La marge est mince entre trouver un bon angle et manipuler l’information. C’est ici que doit intervenir le professionnalisme du spécialiste de relations publiques. C’est tellement tentant d’esquiver la réalité en trouvant des faux-fuyants. Cela est d’autant plus tentant que les clients qui décident en dernière instance sont souvent les premiers à vouloir minimiser les mauvaises nouvelles et à exagérer les autres.
C’est cette tension dynamique entre la nécessité de dire toute la vérité et le désir d’une organisation de présenter son meilleur visage qui est à l’origine de la langue de bois si répandue dans le monde politique. Ainsi, un malentendant est une image beaucoup moins forte qu’un sourd pour le public. Même chose avec le terme militaire de dommages collatéraux. Le bombardement d’une école touchée lors d’une opération contre des cibles stratégiques qui fera des victimes parmi les enfants donnera lieu à l’utilisation des mots dommages collatéraux. Souvent, le porte-parole ajoutera que c’est une malencontreuse erreur, mais que l’on ne fait pas d’omelettes sans casser des œufs.
Les mots choisis pour décrire une réalité ne donnent pas l’angle, mais ils en déterminent tout de même plusieurs facettes. Prenons un exemple fictif, si la ville de Sherbrooke est retenue pour être une ville-pilote afin d’expérimenter un plan d’évacuation en cas d’attaques nucléaires par le NORAD, lequel plan sera par la suite étendu à l’ensemble de l’Amérique, ce serait vu comme une bonne nouvelle.

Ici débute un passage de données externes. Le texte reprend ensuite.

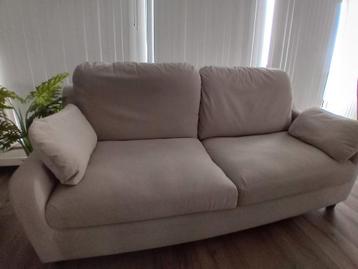 ZGAN Vinliden IKEA 3-zits bank | beige | 1,5 jaar oud 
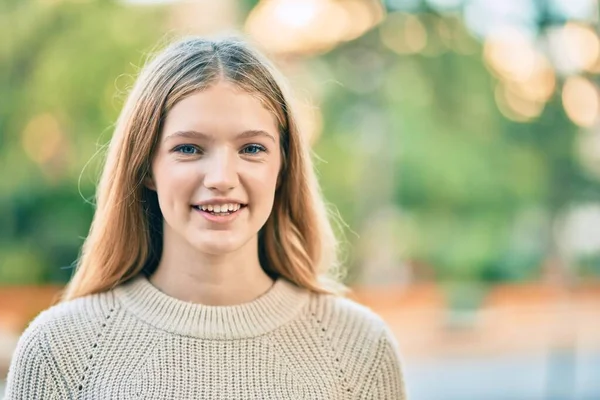 Bella Adolescente Caucasico Sorridente Felice Piedi Alla Città — Foto Stock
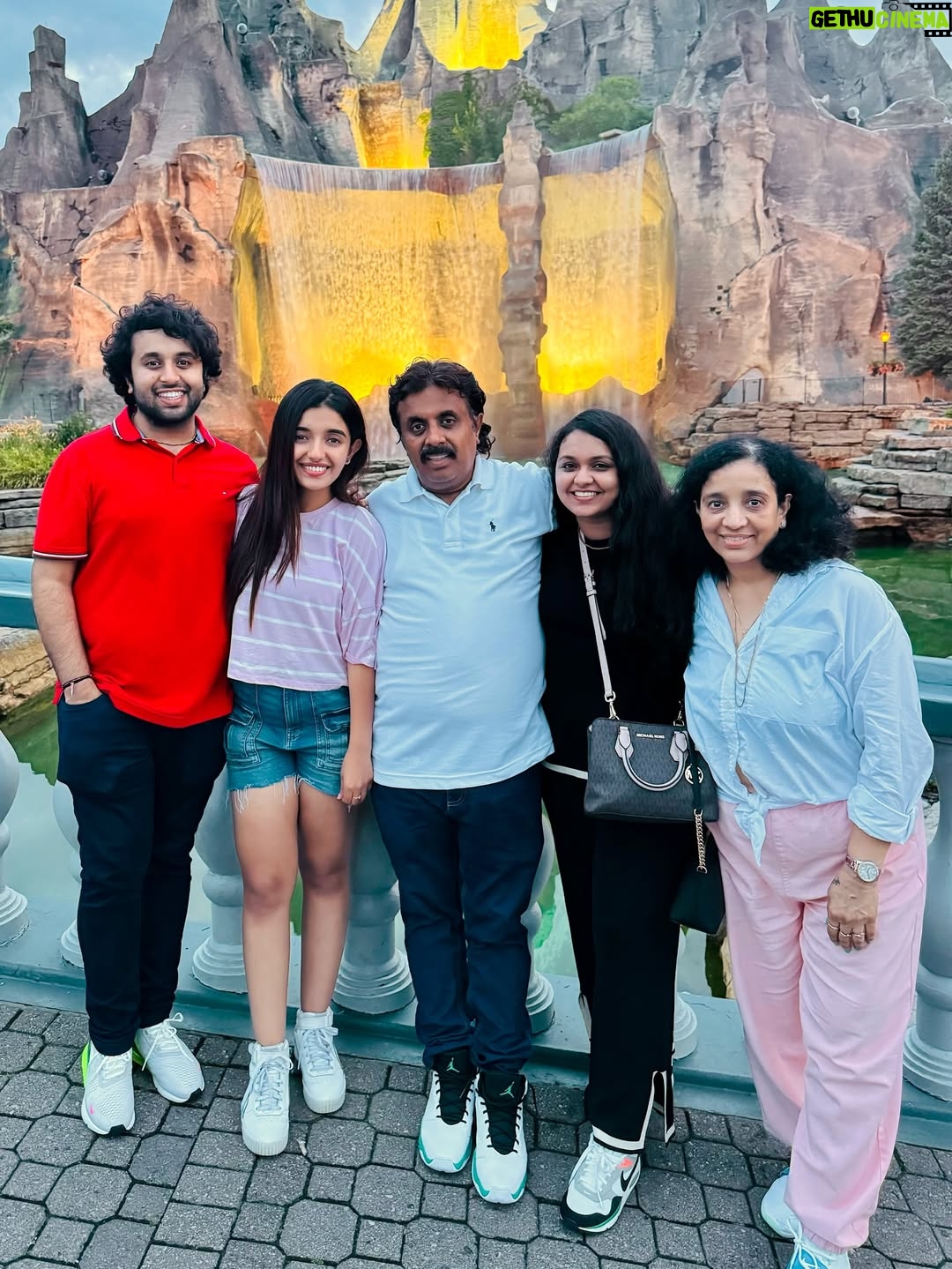 Aanchal Shah - 8.4K Likes - Making memories that will last a lifetime.🎢🍁🤍

#canada #canadaswonderland #travelgram #travel #family #TravelWithA #AanchalShah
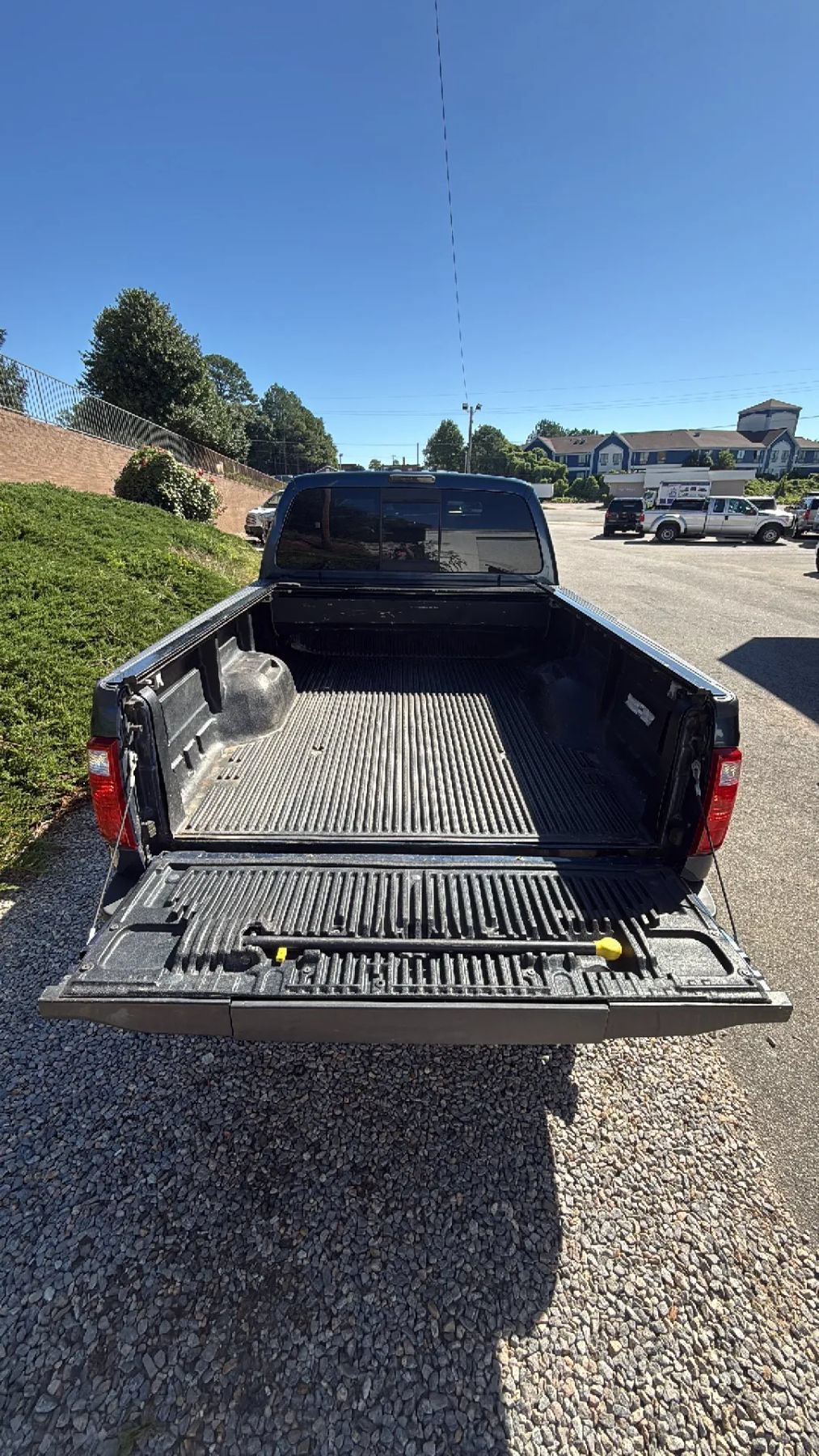 Used 2015 Ford F250 Lariat w/ Lariat Ultimate Package AWD/4WD image 9
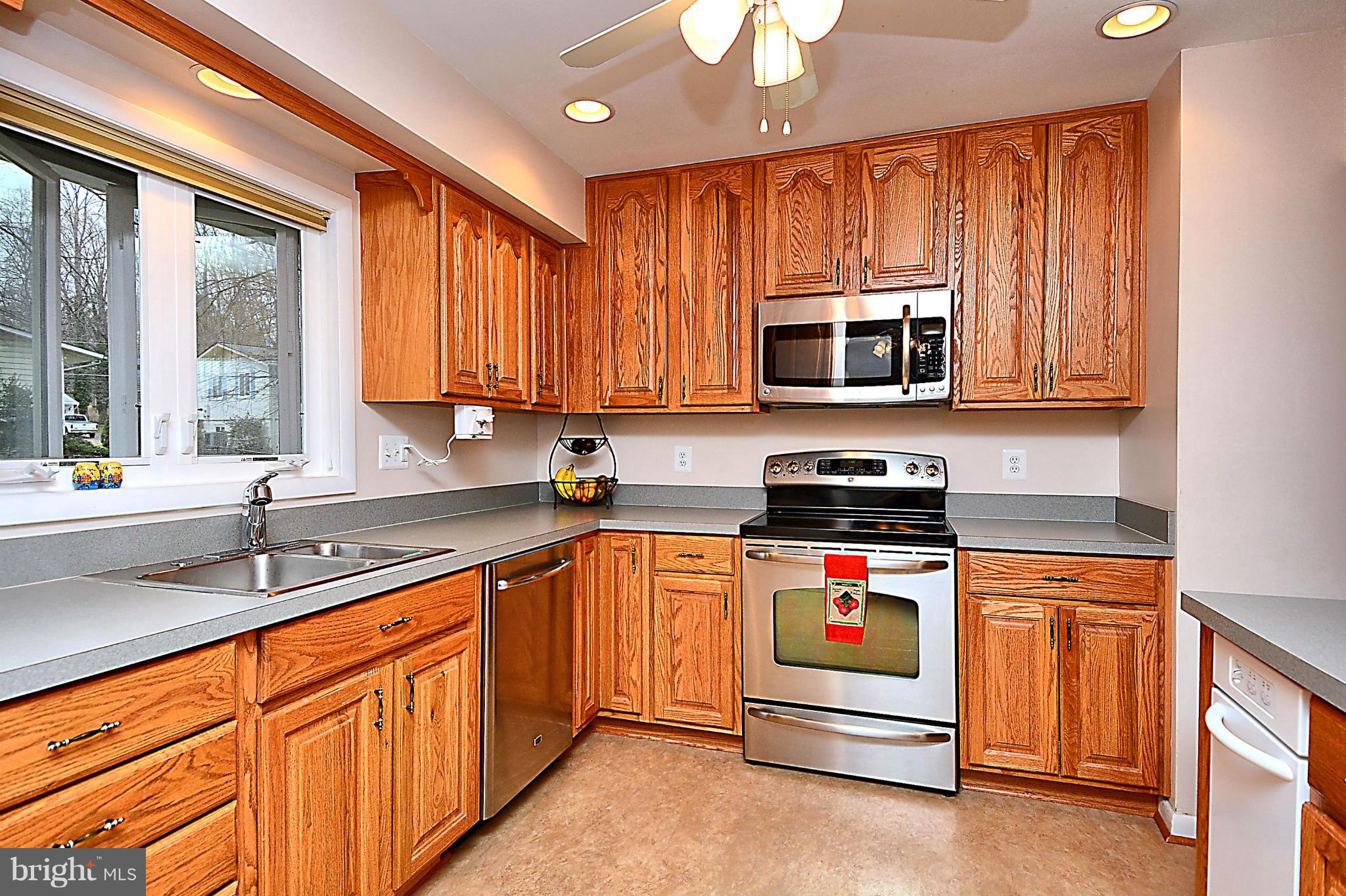 FAIRFAX VILLA - Residential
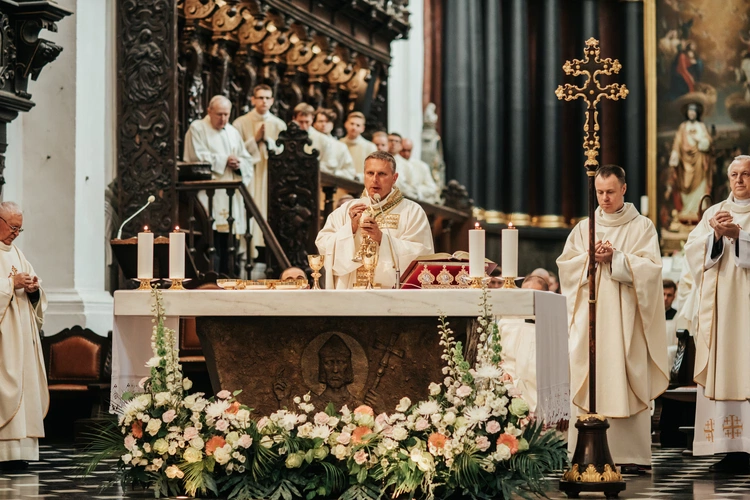 Święcenia diakonatu kl. Roberta Szczepkowskiego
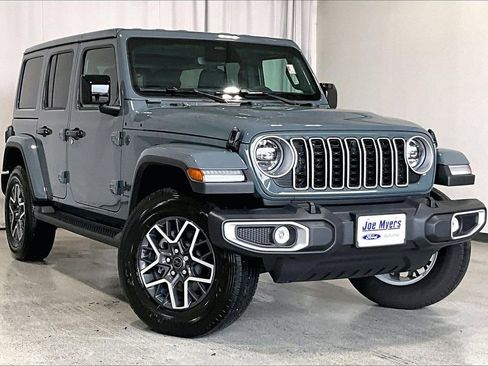 Used 2026 Jeep Wrangler Unlimited Sahara AWD/4WD image 1
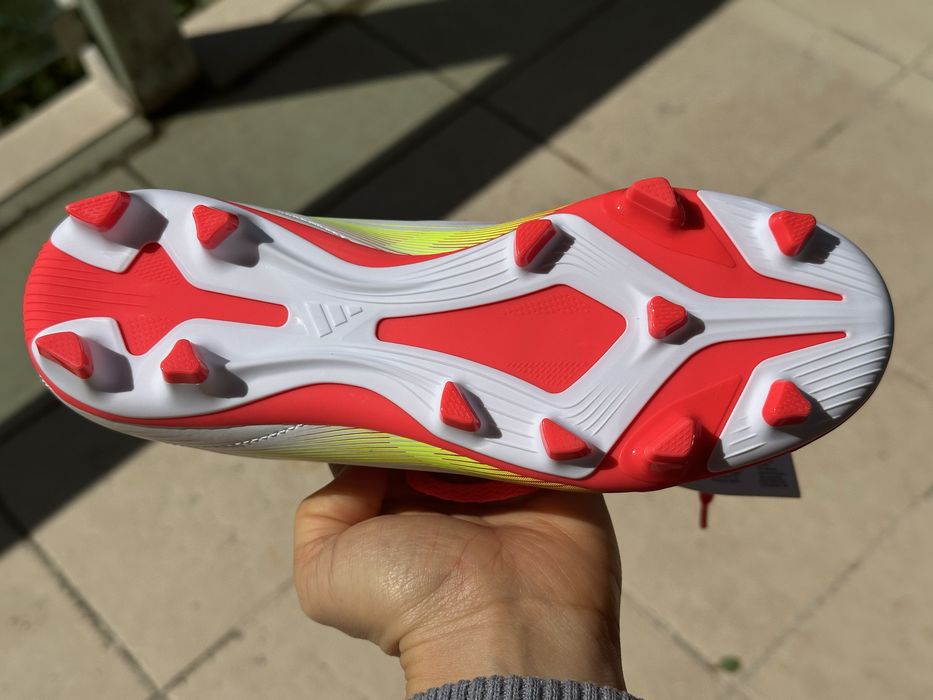 Професионални Бутонки за футбол размер 35 , 21 см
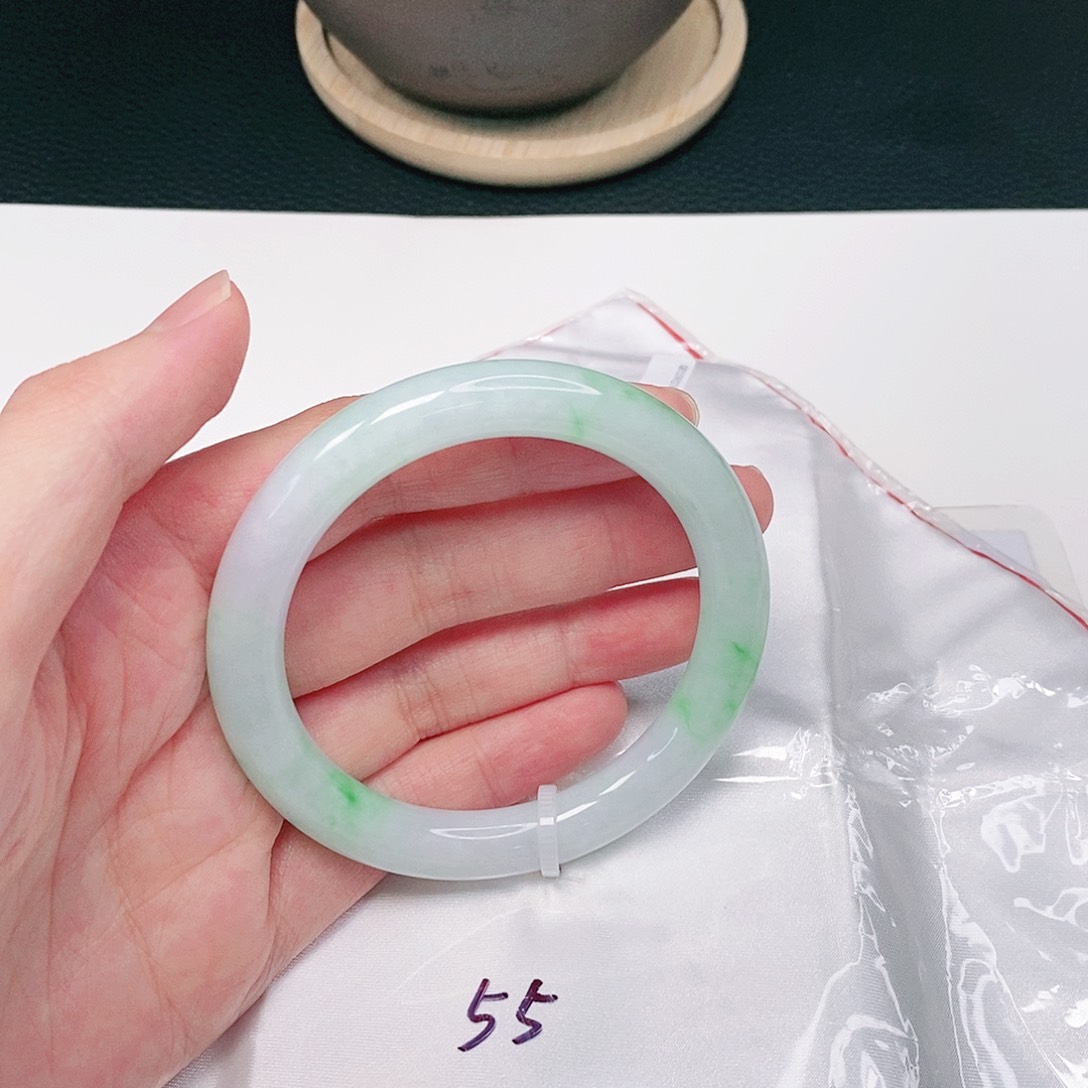 【闪购商品】翡翠手镯未镶嵌圆条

Dans un tel cas, on parlera alors des investissements, de la venue de centres de recherche chez nous, des retombées économiques, des infrastructures qui pourraient nous être léguées au terme de l’expérience. Le communiqué de presse présentera cela comme une excellente nouvelle. Pourtant, un vrai professionnel interrogera son client ou son patron sur les conséquences du choix de Sherbrooke comme ville-pilote. Ce projet paralysera-t-il les activités normales de la ville, des entreprises, des citoyens? Pourrait-il y avoir des pertes économiques, des pertes de revenus, une moins grande qualité de vie pour les citoyens? Cela pourrait-il causer des dommages à notre environnement physique, etc.?
Si le professionnel de relations publiques ne pose pas ces questions et n’en tient pas compte pour déterminer l’angle de la nouvelle, il sera incompétent et ne rendra pas service ni à son client, ni à la ville. De toute manière, si le professionnel des relations publiques ne fait pas bien son travail de préparation, les journalistes s’empareront des éléments possiblement négatifs de cette nouvelle et ils réussiront plutôt à en détourner le sens.
L’angle de cette nouvelle devrait être : « Sherbrooke choisie comme ville-pilote, les autorités et les citoyens sont-ils prêts en à payer le prix ».
Une fois présentée de cette façon, il faudrait prévoir de l’information pour les différents groupes concernés, prévoir des espaces et des lieux pour recueillir leurs inquiétudes et leurs commentaires, fournir des réponses s’il y en a et, par la suite annoncer le projet comme étant un projet collectif. Ainsi, choisir le bon angle pour une nouvelle n’influe pas que sur les mots retenus ou encore sur la façon de dire les choses, mais aussi sur la nature même de la nouvelle et sur un plus grand partage du pouvoir décisionnel.
C’est cela la transparence et des communications bidirectionnelles symétriques. C’est la seule façon de faire des relations publiques aujourd’hui au 21e siècle.